4 Deceptively Simple Rules for Finding the Truth, Borrowed from Elite Security Auditors
Introduction: Beyond the Surface
How can you be sure that a critical process at work, or even a system in your own life, is truly effective and not just a performance? We accept assurances, trust presentations, and base critical decisions on statements that might be nothing more than performance art.
In the high-stakes world of supply chain security, auditors can't afford to get it wrong. The methodologies they use for ISO 28000 audits are designed to cut through ambiguity and separate fact from fiction. Their conclusions can determine a company's legal exposure and credibility. This article distills four of their most powerful, counter-intuitive principles into actionable insights that anyone can use to find the truth.

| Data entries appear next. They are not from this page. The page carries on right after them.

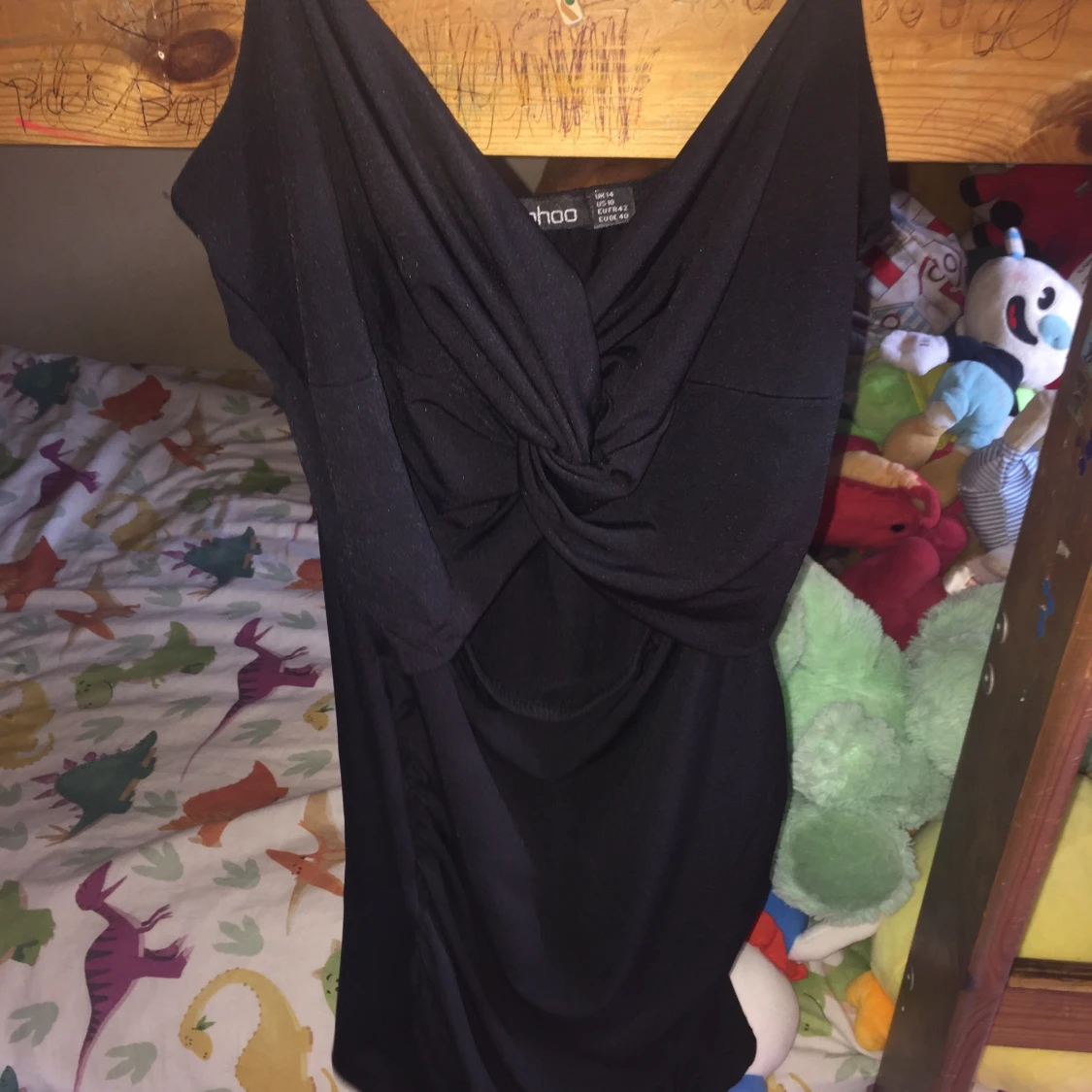 Boohoo black bodycon dress  - 90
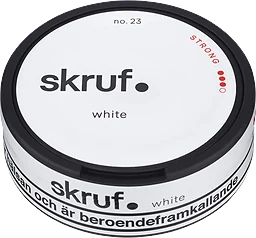Skruf no.23 White Strong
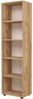 Bücherregal Vara 178x49x30 cm Eiche-Optik [en. casa] Bild 3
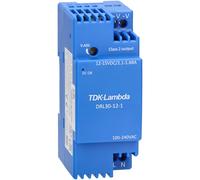 TDK-Lambda 12V 2.1A 25W Low Profile DIN Rail Mount Power Supplies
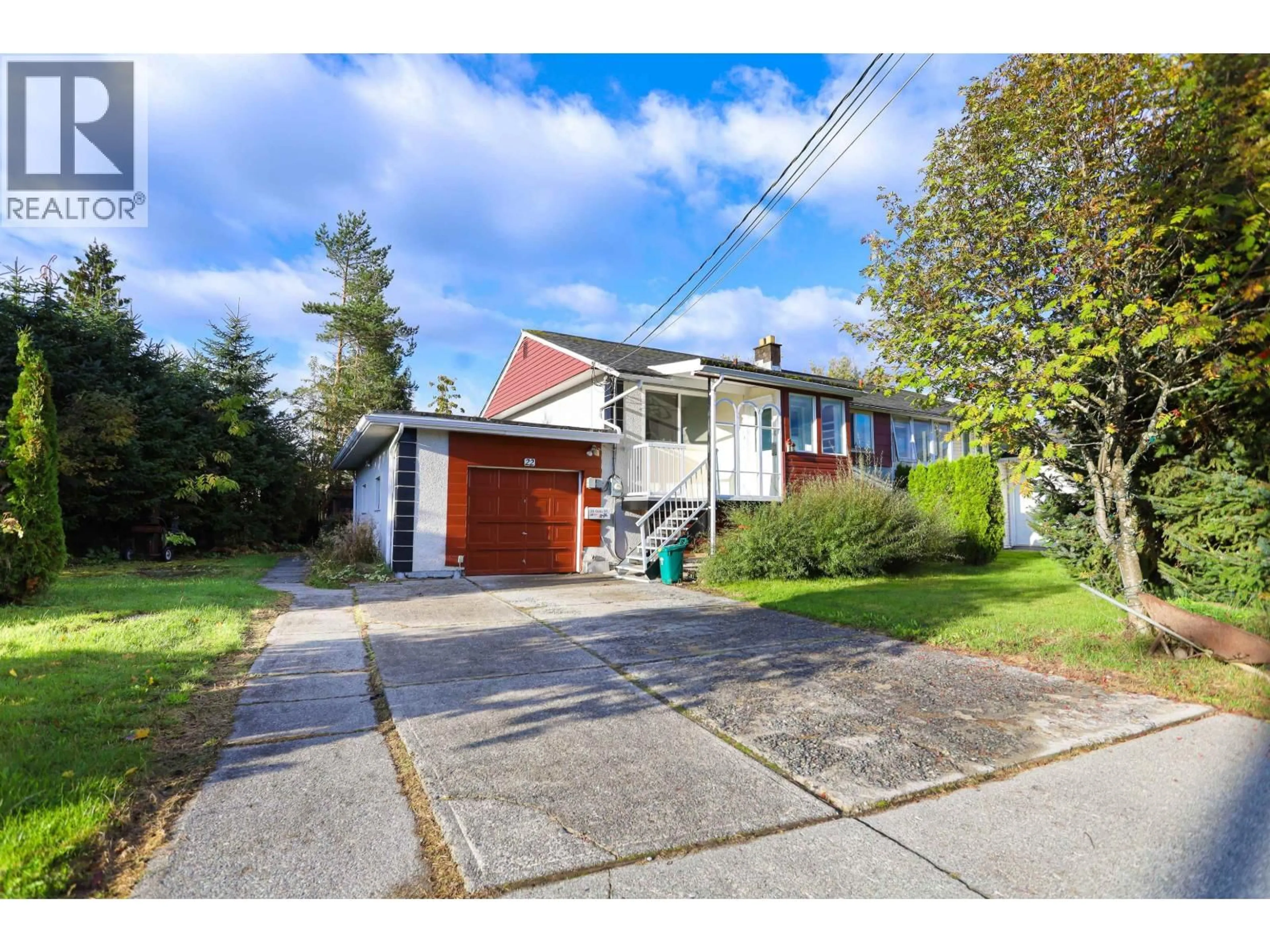 A pic from outside/outdoor area/front of a property/back of a property/a pic from drone, street for 22 GULL STREET, Kitimat British Columbia V8C1N8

1. Your Words Are Not Proof
The foundational principle of any serious audit is the demand for "objective evidence." This doesn't mean that interviews or statements are ignored. Instead, an ISO 28000 auditor treats them as claims to be verified. A statement made in an interview is a starting point, but it holds no weight until it is backed by concrete, verifiable proof. Objective evidence is factual and observable, not based on opinion or persuasion.
Real proof is not what someone says they do; it's the verifiable trail of what has actually been done. Acceptable forms of objective evidence create a web of proof:
- Documents: Policies, procedures, and plans that state the official intention.
- Corroborating Records and Data: Logs, incident reports, training files, KPIs, and monitoring dashboards that show a history of activity.
- Observations: Watching a process or control function in real-time to confirm it matches the documentation.
This principle is critical because it forces a shift from good intentions and persuasive talk to actual, demonstrable results. It demands that claims be supported by facts, a discipline that prevents poor decisions based on unverified information.
Statements without corroboration are not evidence.
2. The Danger of a 'Perfect' Presentation
It may seem counter-intuitive, but to a professional auditor, evidence that looks too perfect is an immediate cause for concern. They are trained to be wary of documents, records, or reports that appear to have been created specifically for the audit itself, with no history of being used in daily operations.
This is considered a significant red flag because it suggests a performance rather than an authentic process. A "lived-in" system has a history. Its records show continuity over time, and its procedures might have notes, revisions, or signs of regular use. A last-minute fabrication often looks clean, polished, and devoid of this operational history. This insight is invaluable for evaluating any system or proposal: authenticity often looks less polished than a carefully constructed fiction.
Red Flag: Evidence prepared only for the audit with no historical record.
3. Stop Auditing the Easy Stuff
In any complex system, there's a natural tendency to focus on what is easy to check. Elite auditors are explicitly forbidden from doing this. Their methodology is built on the mandate of "Risk-Based Sampling," which forbids "convenience sampling"—the common temptation to check what is readily available. Instead, they must focus their limited time and attention on the areas of highest risk.
For example, an auditor wouldn't waste time on low-risk transport routes if there have been recent security incidents on a high-risk route. They will deliberately choose to examine night-shift operations instead of standard office hours or focus on suppliers handling high-value cargo. Broadened into a general principle, this is a powerful antidote to a common failure in business and life: focusing on trivial, easy-to-measure tasks while avoiding the complex, high-risk areas where the real dangers and opportunities lie.
Sampling low-risk areas while ignoring high-risk ones is professionally indefensible.
4. A Policy on a Shelf Gathers Dust
One of the most common failures found in professional audits is an organization's over-reliance on procedures. Many companies have impressive manuals detailing policies and plans, but auditors are trained to look for traceability—an unbroken chain linking the original policy (the "say") to the real-world action (the "do") and its results. A document is not the same as an action.
Auditors must find evidence of implementation and effectiveness. They need to trace a requirement from a policy, to a defined control, to its operational implementation, and finally to the data that proves it is working. This principle targets the "say-do gap" that exists in so many organizations. It's a powerful reminder that plans, strategies, and procedures are worthless until they are translated into consistent, real-world action and produce verifiable results.
Conclusion: From Assumption to Certainty
The discipline of professional auditing provides a powerful framework for moving beyond assumptions and getting to verified truth. By applying these simple but rigorous principles, you can dramatically improve the quality of your own decisions and assessments. Demanding objective proof, looking for signs of authenticity over perfection, focusing on the highest risks, and verifying action over words are not just for auditors—they are essential tools for anyone committed to seeing things as they really are.
In your work or life, what is one critical area where you are currently relying on assumption instead of objective evidence?